* [WHAT IS REQUIRED] A word-for-word restatement of the full listing is required.

Start of THE DATA

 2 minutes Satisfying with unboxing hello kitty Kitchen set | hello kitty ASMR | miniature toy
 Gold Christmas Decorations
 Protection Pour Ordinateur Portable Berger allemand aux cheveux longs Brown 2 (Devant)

End of THE DATA

* [FINISHED TASK]
 2 minutes Satisfying with unboxing hello kitty Kitchen set | hello kitty ASMR | miniature toy
 Gold Christmas Decorations
 Protection Pour Ordinateur Portable Berger allemand aux cheveux longs Brown 2 (Devant)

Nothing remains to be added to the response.